Sometimes you need a change break. There are periods in your life or parts of the year when it makes sense to tell yourself, “I’m not going to try to improve. I’ll still be effective, but I’m going to take a break from trying to be better, better, better.”

How do you know when?

Maybe when you seem to lack resilience, or you feel like you are running on fumes. Maybe when you need to devote more attention to your personal life. Or maybe when you sense that your team could use a change break, and you know that they take their cues from you.

This is fresh in my mind because not long ago, a client told me, “You know I really appreciate you. You always push me. But this one week, I just want to take a break from being pushed.”

If—for a week or two—you are a good version of yourself, even if not the best version, that’s okay. You’re human.

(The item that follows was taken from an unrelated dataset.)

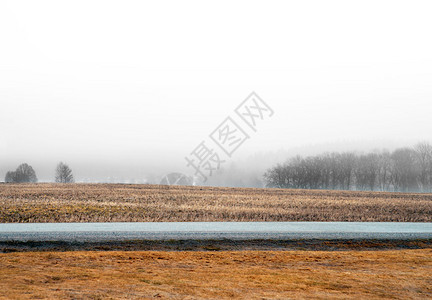 棕色田地和乡村公路的秋末图片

Take some time to breathe.

Of course, the force that opposes what I’m saying is that all of my clients are high achievers. They’re competitive. They like to win.

But even the best athletes, the ones who win consistently, know how to build recovery time into their training program. You need to develop and utilize the same skill.

I’ve worked with clients in the retail industry, which has a specific rhythm. You push change through the summer because pretty much after that, it’s the holiday season, which is really just a referendum on the quality of all the work you did earlier in the year. So, in the fall you lead, inspire, support, motivate, and remove obstacles… but you don’t do anything to make the business better at that point. It’s a vital skill to know when to suspend your improvement efforts and your change initiatives.

I often use the tachometer analogy to make this point. If you are always running your engine in the red, it’s going to fail just when you need it the most. You can run it in the yellow—and occasionally in the orange—but the racers who don’t know when to back off the accelerator or take a well timed pit stop seldom win the race.